À l'échelle nationale, à peine un peu plus de la moitié des Canadiens (51,1%) affirment connaître plus de 10 recettes, tandis que 7% de la population admet n'en connaître aucune.

Il s'agit de chiffres quelque peu inquiétants, reconnaît Sylvain Charlebois. «Je m'attendais à un meilleur résultat. C'est un peu décevant. On parle tellement de cuisine et les cuisines sont au cœur de nos maisons. Je m'attendais à des résultats plus relevés.»

Peu motivés

Bien que les Québécois aient été les plus portés à parfaire leurs connaissances en matière de cuisine, ils figurent aussi parmi les moins motivés à passer du temps en cuisine.

Au total, 71,5% des habitants de la Belle Province soutiennent avoir cuisiné la plupart (46,2%) ou tous (25,3%) leurs repas pendant la pandémie. En comparaison, 80,2% des Canadiens assurent avoir cuisiné la plupart (55,9%) ou tous (24,3%) leurs repas.

«Si les Canadiens et les Québécois ont passé plus de temps en cuisine, ils n'ont pas appris grand-chose au cours des 10 derniers mois», a résumé M. Charlebois.

Nombre moyen de recettes connues, par province, avant la pandémie et maintenant  

- Colombie-Britannique: 5,7 /// 6,3 (+0,6)
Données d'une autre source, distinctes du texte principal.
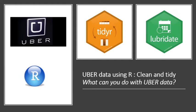Today I'm going to be showing you what you can do with a dataset from Uber, which is a ride sharing app. I'll be using R to clean and tidy up the datasets, so let's get started.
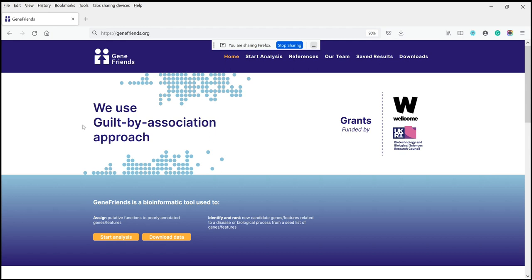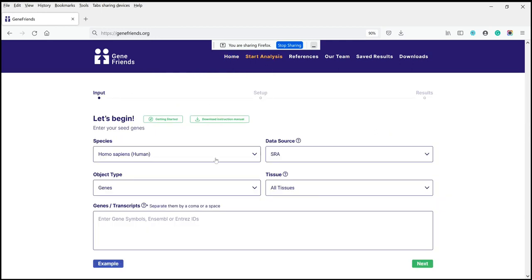This is the main page of GeneFriends, and in order to start an analysis, you simply click on 'Start the Analysis'. This will open various options.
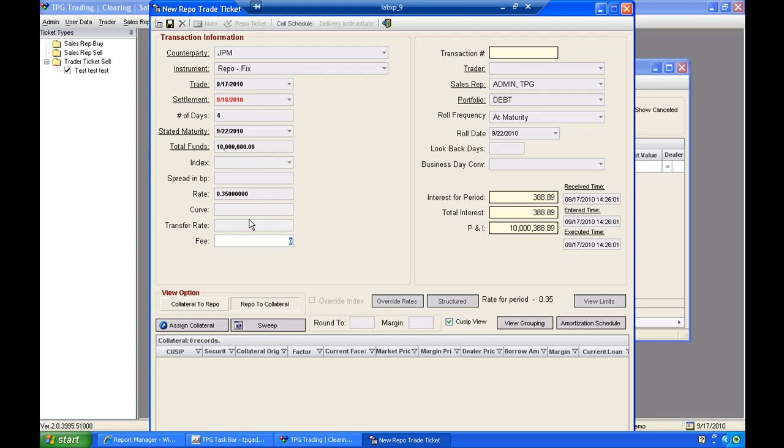I could also enter any curves if I'd like to or transfer rates for the repurchase agreement. On the bottom, we have a fee field as well. So we can attach any fees that are associated with the repo on this form.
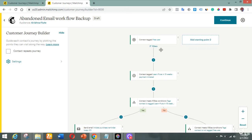If you don't know what an abandoned cart is — it's simply someone who makes an attempt to purchase something on your website but does not complete the purchase. What an abandoned cart email does is send a message to those people reminding them, like 'you forgot something in your cart, come and get it.'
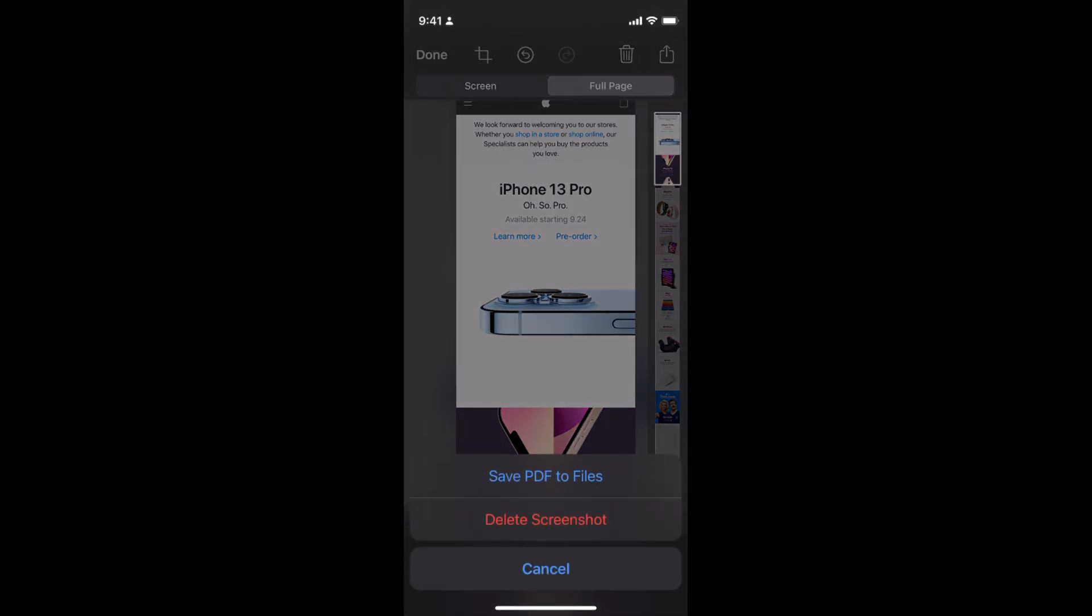You have two options: either you can delete it or you can save this PDF to your files.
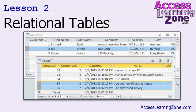In lesson two, we're going to learn how to add the proper key fields to several different tables to make them relational. We'll set up a customer-to-contact relationship, and we'll also fix our lead source table and our shipping method table.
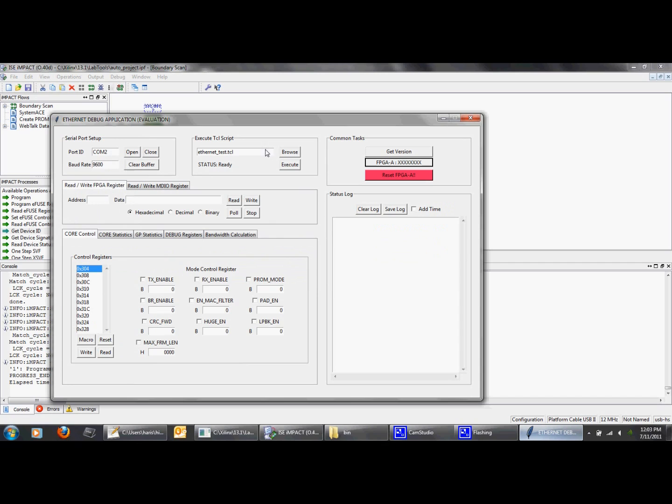Now the first step is to open the COM port, in our case COM2, and get the FPGA revision to make sure the USB to UART interface is running.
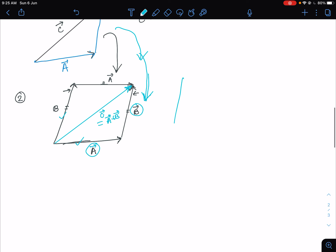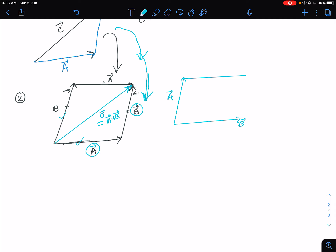So if you have vector A and vector B, the easiest way to get the resultant is to complete the parallelogram by A and B. The resultant A plus B lies along the diagonal of the parallelogram.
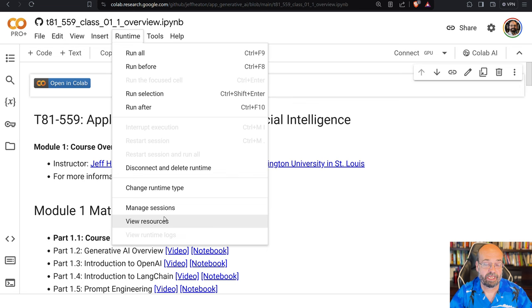Most of what we're going to run in this course is going to be ran through APIs on big compute in the cloud. So you don't really need a local GPU on your system. We will talk about small large language models, which are the ones that you can actually run on your local computer system.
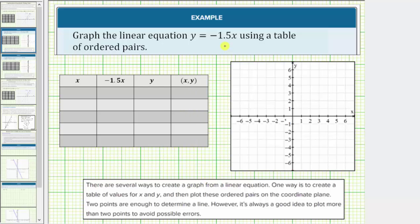The first step is to select the x values. Because y equals negative 1.5x, or negative 1.5 times x, if we select even values for x, we can avoid decimal values for y. Again, x can be any value, but in this case let's use even values: negative four, negative two, zero, two, and four.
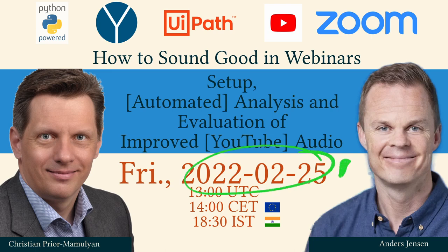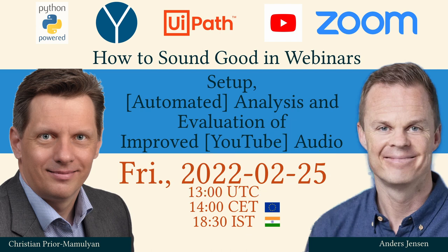Registration does not cost anything, and after the event, no one will try to sell anything to you. My name is Christian Priomarmulyan and I would be glad to see you in the online event.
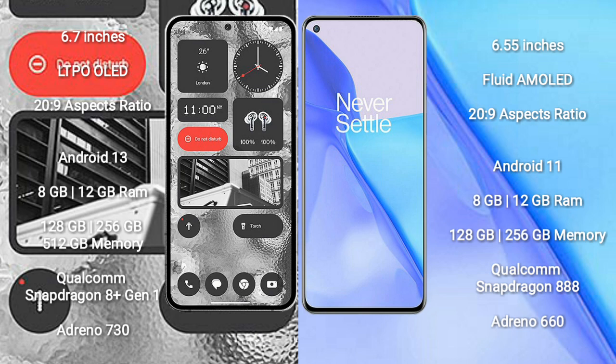Nothing Phone 2 runs on the Android 13 operating system. OnePlus 9 runs on the Android 11 operating system.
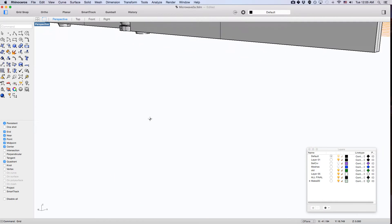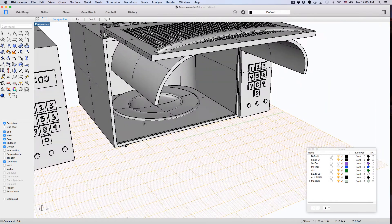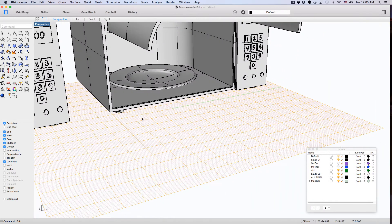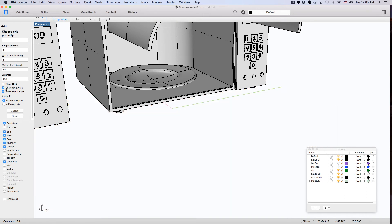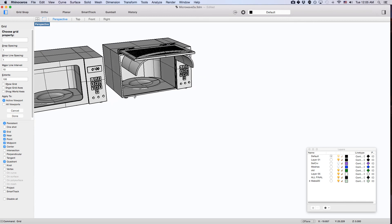So how do you turn off the grid in Rhino? Just type in 'grid' and then turn off the check marks for 'Show Grid', 'Show Grid Axes', and 'Show World Axes'. Or you can type in the letters H, O, W and they're all turned off.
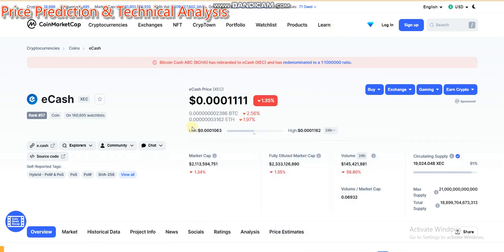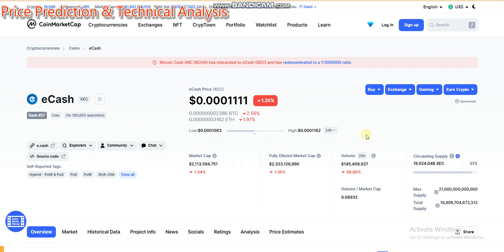Hey, what's up e-cash token holders! Today's video is very important for all e-cash coin holders because we will talk about the future of e-cash coin and the e-cash coin price prediction technical analysis — whether e-cash is good for short-time investors or long-time investors. We will talk about everything in detail.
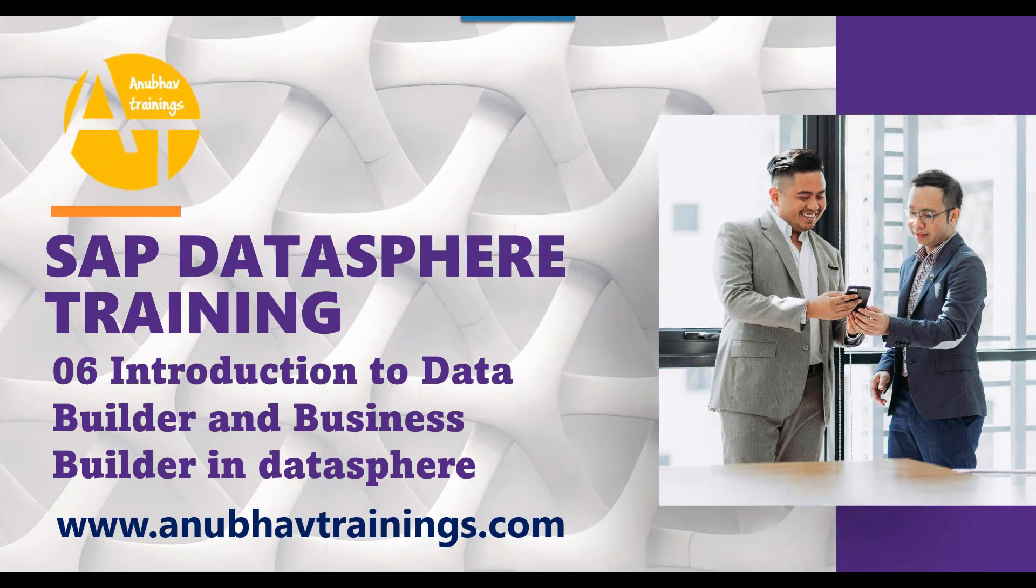Hello and welcome everyone to the SAP DataSphere training with me Anubhav on AnubhavTrainings.com. In our last session we talked about how to set up our SAP DataSphere account along with SAP Analytics Cloud.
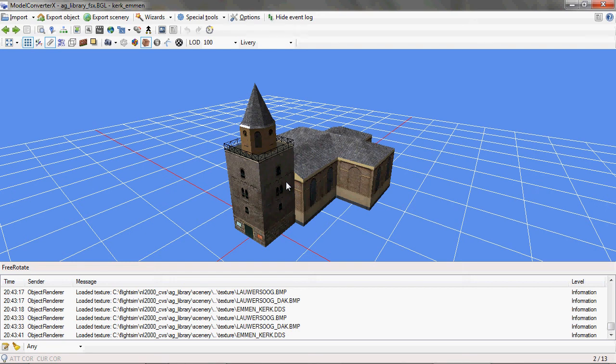Hello everybody, in this video tutorial I want to demonstrate the recent changes to the object placement functionality of Model Converter X.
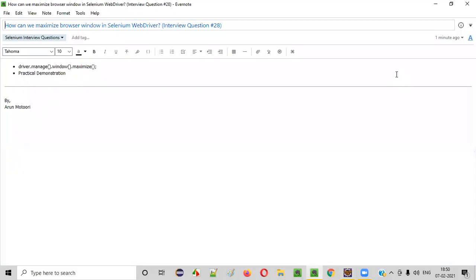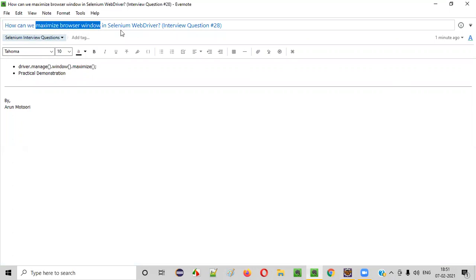Welcome all. In this session, I am going to answer one of the Selenium interview questions. That is, how can we maximize the browser window in Selenium WebDriver?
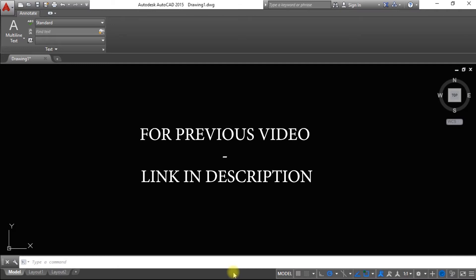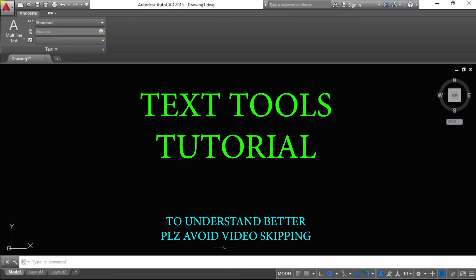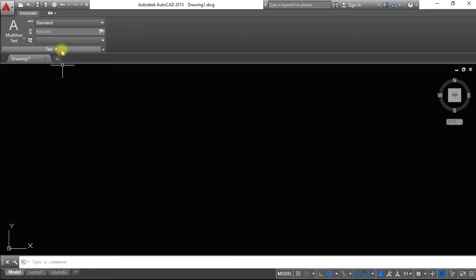Hello viewers, welcome back to Text Solutions Tamil. In this video, we are going to talk about AutoCAD 2015 — specifically how to change and set the background, how to customize the shape and color, and how to change the theme. Let's go to the video.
- Alberta: 6,4 /// 7 (+0,6)

- Saskatchewan: 7,3 /// 7,5 (+0,2)

- Manitoba: 7,4 /// 7,7 (+0,3)

- Ontario: 6 /// 6.5 (+0,5)

- Québec: 6,1 /// 6,6 (+0,5)

- Nouveau-Brunswick: 6,5 /// 7,3 (+0,8)

- Nouvelle-Écosse: 7,7 /// 7,5 (-0,2)

- Île-du-Prince-Édouard: 5,7 /// 5,8 (+0,1)

- Terre-Neuve-et-Labrador: 6,5 /// 7,1 (+0,6)

- Canada: 6,2 /// 6,7 (+0,5)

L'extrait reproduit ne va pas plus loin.